I cried aloud to the Lord,
and he answered me from his holy hill.”
In this Psalm, David highlights the struggles and fears that are befalling him in his escape from Absalom, then he reminds Himself of the truths he knows about God. By the end of the Psalm, the reader is encouraged to do as David has, to turn to the Lord in their trouble and find help in their time of need. The stanzas reinforce the movement of the Psalm as a whole.
Repetition
One final pattern used in biblical poetry is the use of repeating words, phrases, or ideas for emphasis. For example, in Ecclesiastes, Solomon reuses the phrases, “Meaningless”, “Striving after the wind”, “Under the Sun”, etc., which builds the main themes of the book: apart from God (who is “The Sun”), everything in this life is meaningless, and those who chase meaning there are pursuing something they will never attain…like trying to grab hold of the wind.
Look for the Pictures: Metaphors and Imagery
Obviously, all poetry utilizes imagery in communicating ideas. In biblical poetry, imagery can be used in either culture-specific ways or to call to mind earlier passages of Scripture. When you encounter a piece of imagery or a metaphor that is unfamiliar to you, do some research, both in Scripture and outside of it and you’ll often find a point of reference the biblical writer likely had in mind while writing.
Examples:
Psalm 77: “Your path was through the sea; your way was through the great waters, but Your footprints were unseen”

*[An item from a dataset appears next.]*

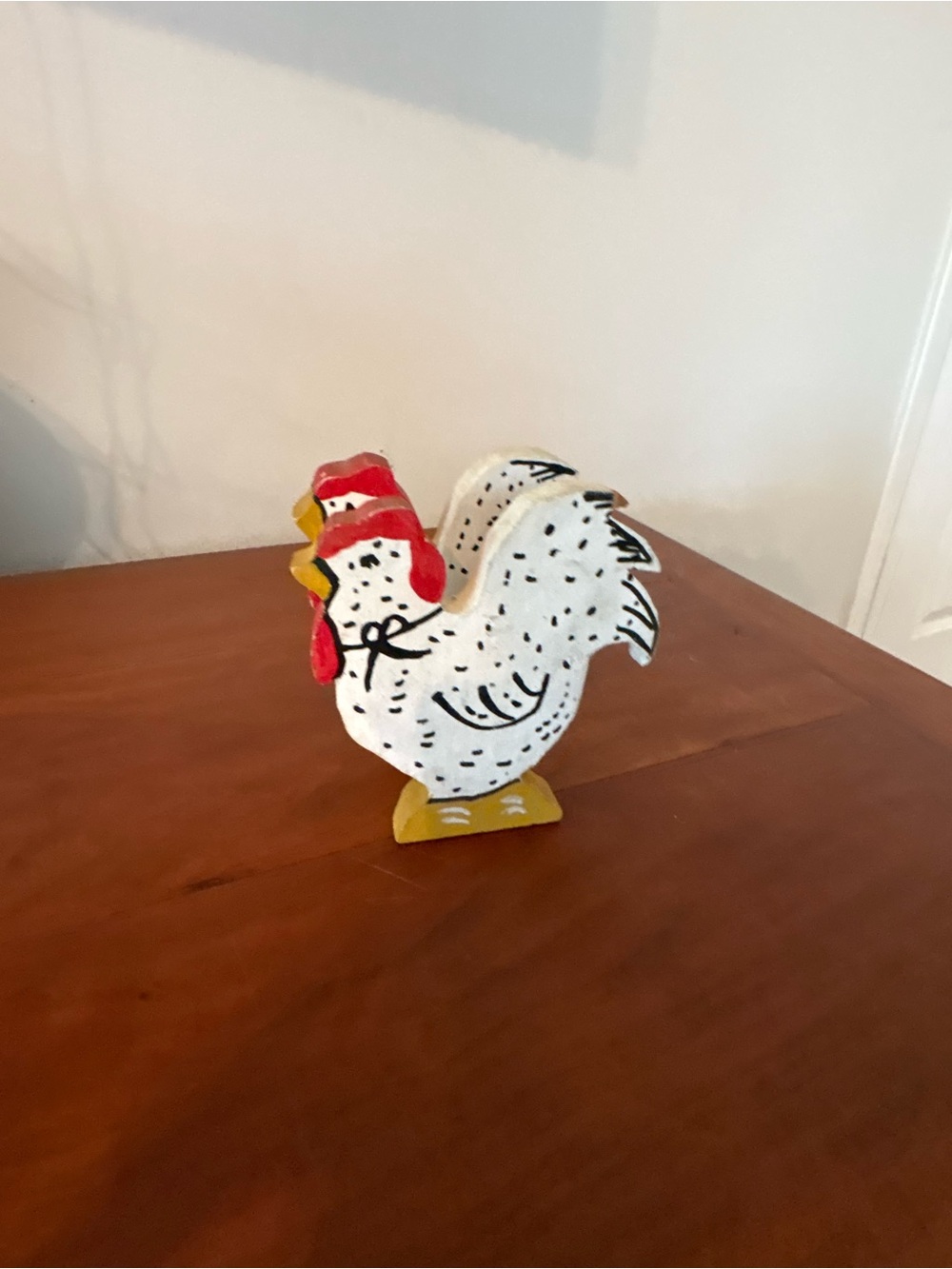 Hand-Painted Wooden Rooster Napkin Holder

This is meant to recall the Exodus climax at the Red Sea to remind Israel during a season where God has not yet delivered them from difficult circumstances, when they had reasons to doubt His deliverance would come. It is a call to remember what God had done before!
Prov. 5:15: “Drink water from your own cistern, flowing water from your own well. Should your springs be scattered abroad, your flowing waters in the streets?”
In Solomon’s day, your family cistern/well was a source of nourishment and life for your family, something to be guarded/valued. To scatter it in the streets was to either waste it (as if it weren’t important) or to give it to strangers (leaving your own household thirsty). Solomon connects this to adultery, where the cistern is the marital bed: a source of nourishment, life, and value to be guarded and protected, not scattered or shared.
Look for the Point: Exegesis
Once you know who is writing, who they are writing to, how they have structured the poem, and the main images they use, then you can begin to put it all together.
What is the point? This is the end goal, what the entire section is trying to communicate. How does David’s confession in Psalm 51 model for us what repentance and faith look like? How does Solomon’s understanding of “eternity in man’s heart” in Ecclesiastes 3 help us make sense of our purpose? How does God’s announcement of His attributes in Job 38 humble us, knowing how much greater our God is than us? These are all big questions, born out of the text, that give us the foundation of our teaching.
Poetry is not everyone’s strong suit, but it is another form of divine revelation to us, which means how we approach it matters. I hope that as you seek to teach biblical poetry to students, you will be encouraged, uplifted, and when necessary, warned by them – learning to know their truths with your mind, and feel them in your heart.